Shell – Combine Files Containing Strings into One Document

grepshell

Based on this script:

find . -name "*.txt" | grep 'LINUX/UNIX'

and

find . -name "*.txt" | grep 'LINUX/UNIX' | xargs cp <to a path>

from Here
, I can grep files for a certain string which are then being copied into one directory, if they contain that string, yet they are then being kept as separate files. How can I cat these files into one coherent document?

Example
What I have in mind is the following: I have an archive of quotations spread out in separate files across hundreds of folders, the name of the folders being the respective topic. So "philosophy/ontology/concepts/aletheia/notes.tex" will contain all my notes on the philosophical concept of aletheia etc.

They all follow the some naming convention (name is always: notes.tex), so grepping them is easy. I can search them via grep, but I would like to be able to have a script which not only finds them, but also concatenates all files which contain the respective string into one large file.

Best Answer

To select regular files with names matching *.txt, in the current directory or below, that contain a particular string (not that contains matches of a particular regular expression), and to concatenate these files together in the order they were found, you may use

find . -name '*.txt' -type f -exec grep -q -F 'LINUX/UNIX' {} \; -exec cat {} + >myfile

or

find . -name '*.txt' -type f -exec sh -c '
    for pathname do
        grep -q -F "LINUX/UNIX" "$pathname" && cat "$pathname"
    done' sh {} + >myfile

The grep utility is used here with its -q option. This makes it not output anything, but as soon as the given pattern matches, it terminates with a zero exit status, signalling "success". We use this exit status as a test in both the commands above, to select only those files that contain the string LINUX/UNIX.

The -F option to grep make it interpret the pattern as a string rather than as a regular expression.

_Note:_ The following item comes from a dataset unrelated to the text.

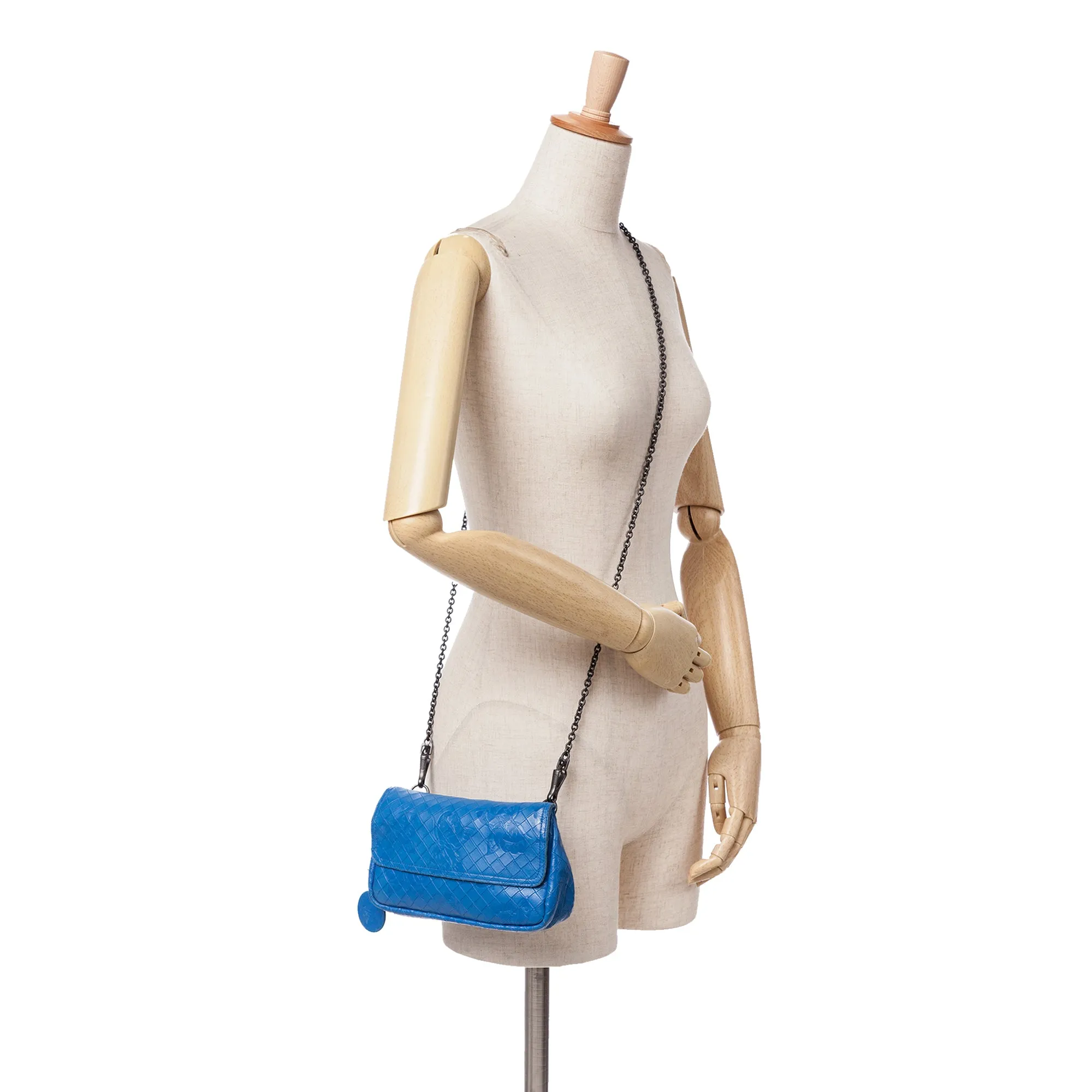 Blue Bottega Veneta Small Calfskin Intrecciomirage Embossed Butterfly Chain Crossbody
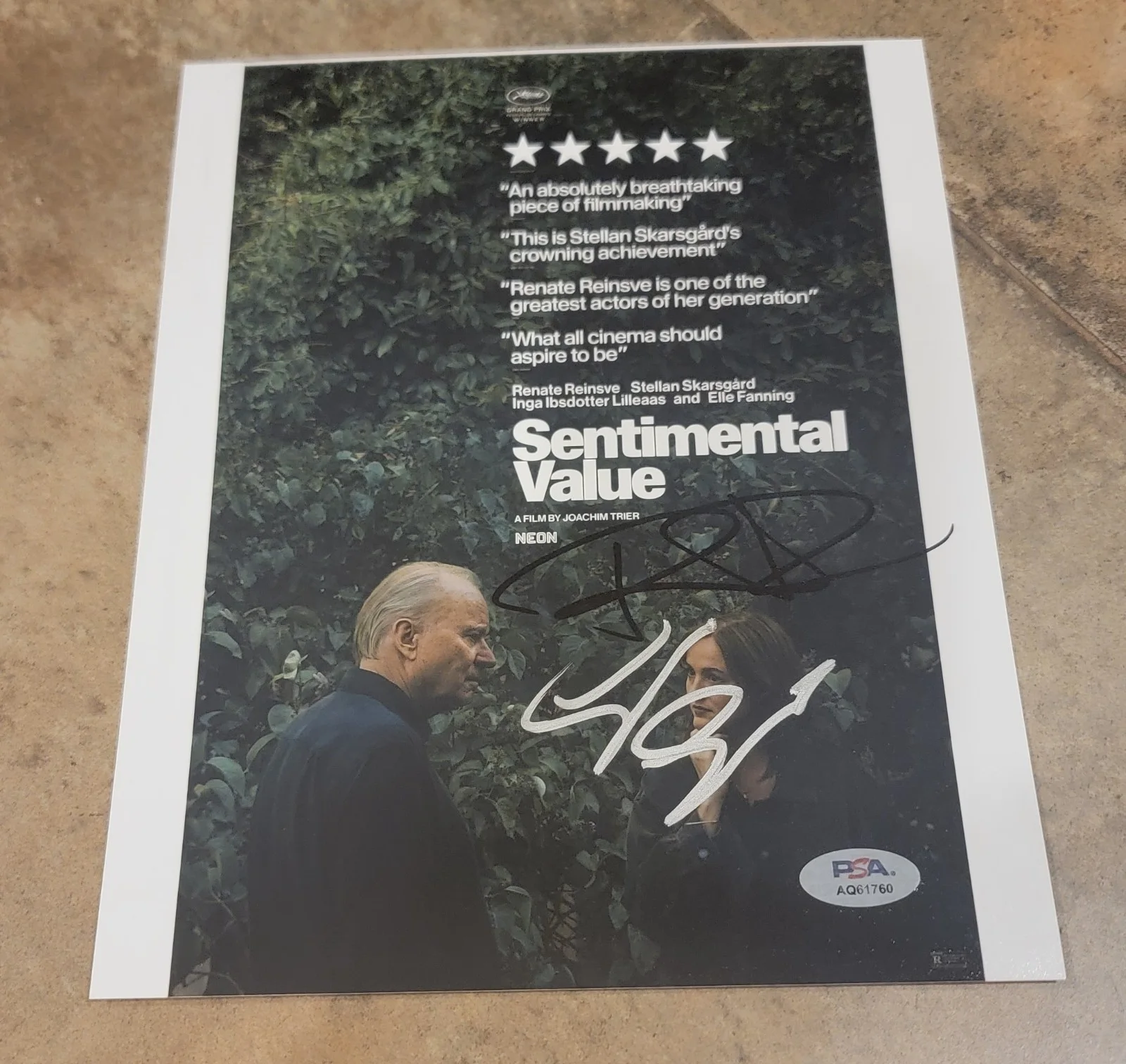Renate Reinsve, Stellan Skarsgård — Stellan Skarsgard Renate Reinsve signed 8x10 photo PSA DNA Sentimental Value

This potentially makes the command a bit faster, but also means you don't have to worry about searching for strings like *this* without having to treat the * character specially (as it's special in regular expressions).

Both commands writes the concatenated file data to a file called myfile. If that file already exists, it will be truncated (emptied), otherwise it will be created. I intentionally picked an output filename that would not be found by the find command, i.e. one that does not end with .txt.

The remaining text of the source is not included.